Tips when making 9-1-1 emergency calls
- Tell the 9-1-1 operator the nature and location of the emergency as soon as they ask for it.
- Give the 9-1-1 operator your phone number, so that if the call gets disconnected, they can call you back.
- Stay on the line and follow instructions unless the 9-1-1 operator asks you to hang up.
- If you get disconnected, call back.
Additional tips for VoIP
- Make sure your location information is up to date with your service provider. The operator may assume that you are at the last registered address if you are not able to speak during a 9-1-1 call.

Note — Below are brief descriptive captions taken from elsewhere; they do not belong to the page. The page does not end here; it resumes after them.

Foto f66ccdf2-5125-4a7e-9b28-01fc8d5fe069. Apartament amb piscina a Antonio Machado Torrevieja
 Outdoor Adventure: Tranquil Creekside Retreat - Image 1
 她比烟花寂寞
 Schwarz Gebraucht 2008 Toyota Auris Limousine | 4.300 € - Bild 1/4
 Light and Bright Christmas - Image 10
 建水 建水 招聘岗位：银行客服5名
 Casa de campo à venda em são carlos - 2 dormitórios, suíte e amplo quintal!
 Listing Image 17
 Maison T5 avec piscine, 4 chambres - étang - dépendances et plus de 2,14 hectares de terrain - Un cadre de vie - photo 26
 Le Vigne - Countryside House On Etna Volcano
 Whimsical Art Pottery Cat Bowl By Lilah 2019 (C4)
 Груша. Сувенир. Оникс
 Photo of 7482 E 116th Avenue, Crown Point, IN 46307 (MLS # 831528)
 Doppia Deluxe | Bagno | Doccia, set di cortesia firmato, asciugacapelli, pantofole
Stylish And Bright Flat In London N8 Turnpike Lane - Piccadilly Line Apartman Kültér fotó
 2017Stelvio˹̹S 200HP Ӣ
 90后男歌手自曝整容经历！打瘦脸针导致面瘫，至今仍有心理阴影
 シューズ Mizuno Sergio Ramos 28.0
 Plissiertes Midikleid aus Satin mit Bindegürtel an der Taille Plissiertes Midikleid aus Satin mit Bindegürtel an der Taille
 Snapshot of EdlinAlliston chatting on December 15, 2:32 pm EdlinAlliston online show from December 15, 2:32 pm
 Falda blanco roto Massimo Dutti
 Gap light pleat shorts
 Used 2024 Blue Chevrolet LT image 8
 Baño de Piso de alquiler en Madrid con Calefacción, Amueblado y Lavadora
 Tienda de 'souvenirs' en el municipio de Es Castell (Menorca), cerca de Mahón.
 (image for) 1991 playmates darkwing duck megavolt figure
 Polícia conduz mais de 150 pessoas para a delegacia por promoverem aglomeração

- During a power (unless battery back-up is provided) or an Internet outage, VoIP services, including 9-1-1, will be unavailable.
Unintentional 9-1-1 calls
One challenge with wireless technology is the increase in 9-1-1 calls made by mistake from mobile devices in pockets and purses. These calls can delay help for other 9-1-1 callers experiencing real emergencies.
To prevent accidental 9-1-1 calls:
- If children use mobile devices, ensure they are informed on the importance of only calling 9-1-1 for real emergencies and how to prevent 9-1-1 calls made by mistake
- when you’re not using your mobile device, turn it off, or lock the keypad
- do not program your mobile device to automatically dial 9-1-1
- If your mobile device is pre-programmed with the auto-dial 9-1-1 feature turned on, turn the feature off. Check your user manual for instructions.
If you dial 9-1-1 by mistake, stay on the line and tell the 9-1-1 operator that there is no emergency and that the call was unintentional.